2.2 KiB

Raw Blame History

Temporal-Compare Benchmark Results

Test Configuration

Dataset: Synthetic temporal data with Gaussian noise
Window size: 32 time steps
Task: Time-R1 style temporal prediction

Results Summary

Regression Task (MSE - Lower is Better)

Backend	Train Size	Epochs	MSE (Val)	MSE (Test)
Baseline	N/A	N/A	N/A	0.1120
MLP	2000	15	0.1375	0.1281
MLP	5000	20	0.1722	0.1424

Classification Task (Accuracy - Higher is Better)

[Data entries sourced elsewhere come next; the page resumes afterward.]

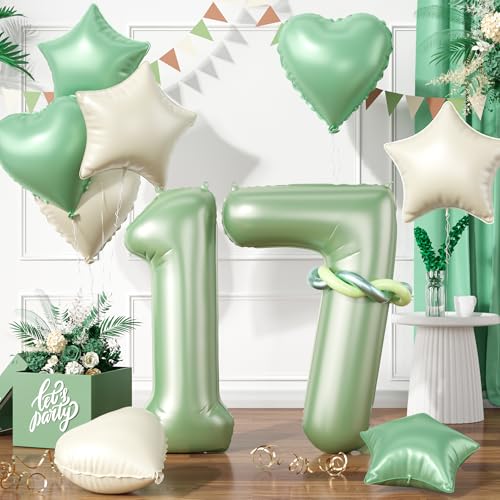 Zahlen 17 Grüne Luftballon, Luftballons 17. Geburtstag Grüne, 40 Zoll Grüne Zahl Ballons, Grün Helium Ballon Beige Grüne Herz Stern 17 Ballon für 17. 1. 7. Kinder Geburtstag Party Jahrestag Dekoration von Paready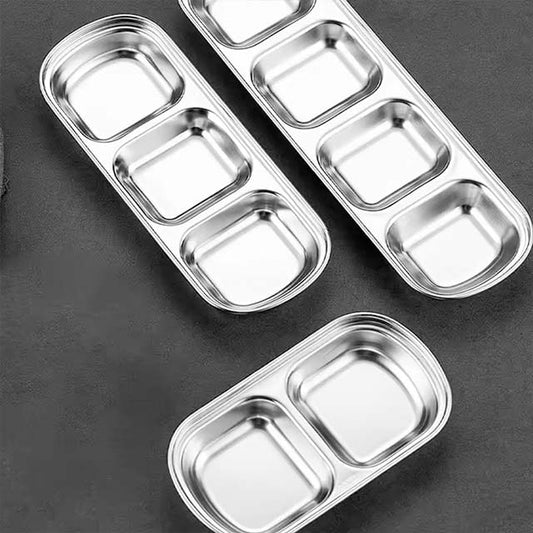Stainless Steel Divided Dip Bowls – Sauce & Condiment Tray for BBQ, Vinegar, Ketchup, Salt & Spices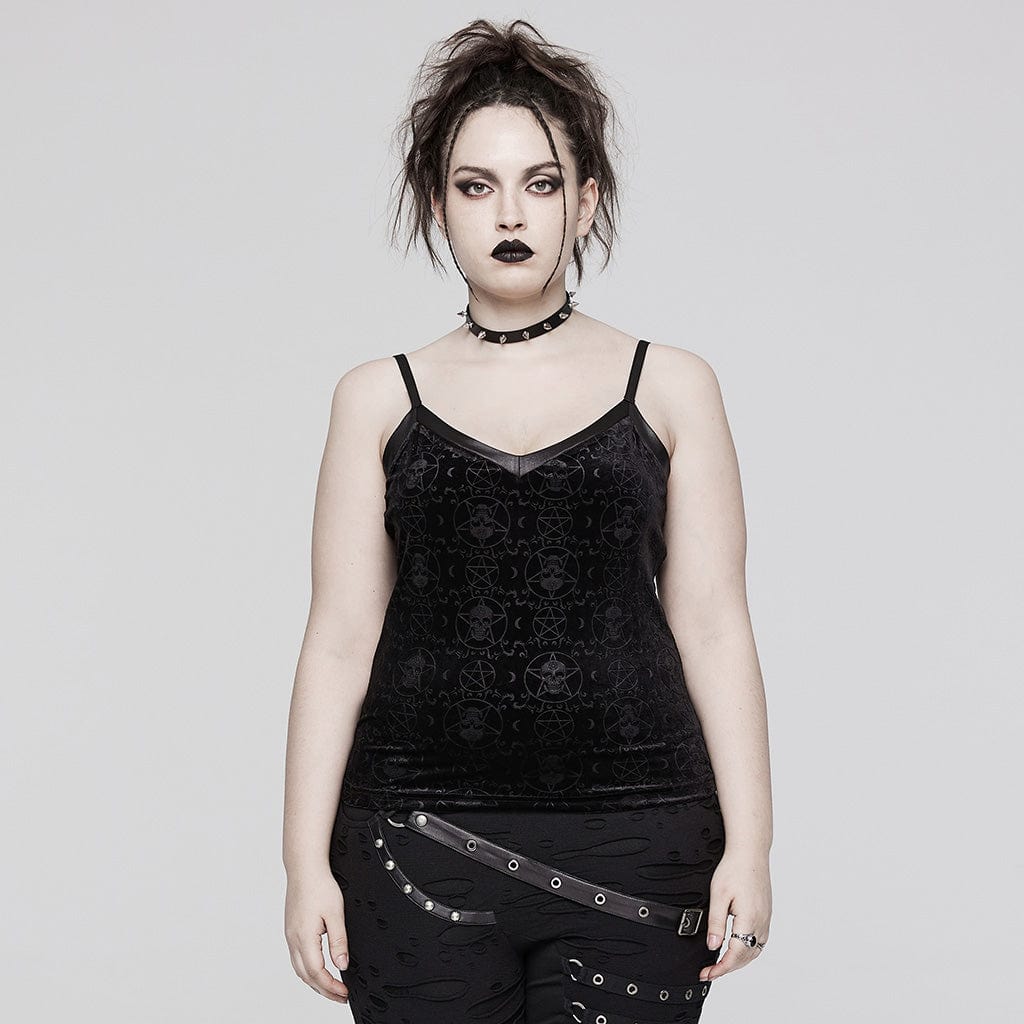 PUNK RAVE Women's Plus Size Gothic Star Velvet Tank Top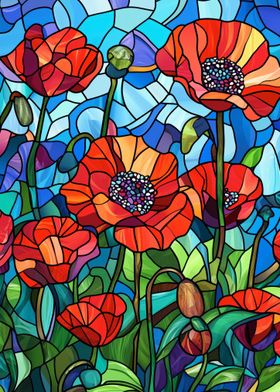 Stained Glass Poppies Flowers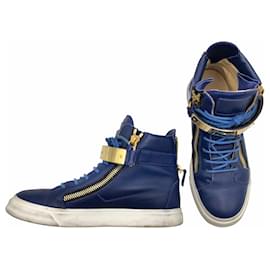 Giuseppe Zanotti-Zapatillas altas Zanotti de piel azul-Azul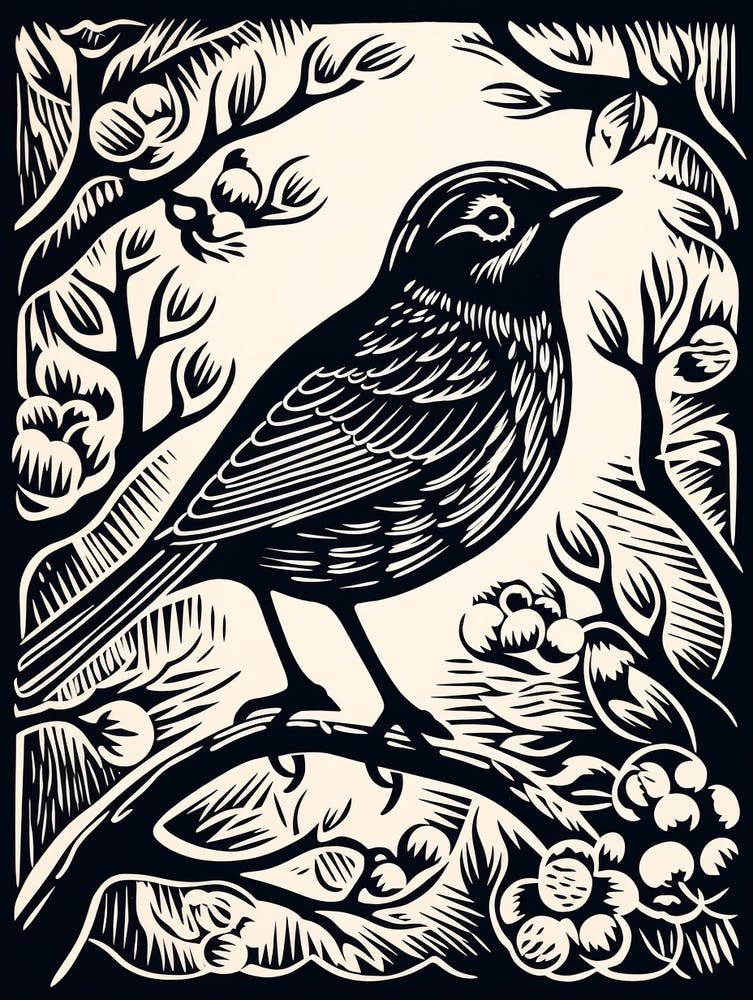 B&W Bird Linocut Robin 1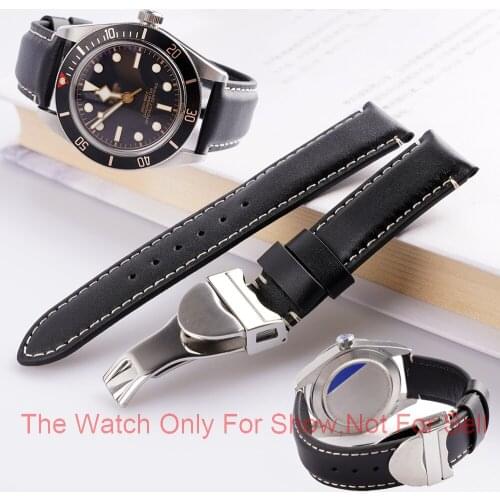 CARLYWET 20 22mm Black Genuine Leather Replacement Wrist Watchband Strap Belt Loops Bracelets For Tudor Black Bay 58 Seiko SKX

Backend	Train Size	Epochs	Accuracy
Baseline	N/A	N/A	0.6467
MLP	2000	15	0.3700
MLP	1000	10	0.1667

Key Observations

Baseline Performance: The naive baseline (predicting last value in window) performs surprisingly well:
- MSE: ~0.11
- Accuracy: ~65-70%
MLP Challenges: The simplified MLP without full backpropagation shows:
- Regression: Competitive with baseline (MSE: 0.128 vs 0.112)
- Classification: Underperforms baseline significantly (37% vs 65%)
Training Dynamics:
- Lower learning rates (0.001) improve stability
- More epochs don't always improve performance
- The simplified SGD approach limits learning capacity

Architecture Details

MLP Implementation

Architecture: Input(32) → Hidden(64) → Output(1 or 3)
Activation: ReLU
Training: Simplified SGD with numerical gradient approximation
Weight Init: Xavier/He initialization

Baseline

Strategy: Returns last value in temporal window
Classification: Maps continuous values to 3 classes via thresholds

Compilation Features

✅ Successfully builds with all backends:

baseline: Always available
mlp: Native Rust implementation
ruv-fann: Feature-gated, compiles successfully

Future Improvements

Implement full backpropagation for better gradient flow
Add momentum and adaptive learning rates
Implement proper cross-entropy loss for classification
Add validation-based early stopping
Integrate actual ruv-fann backend implementation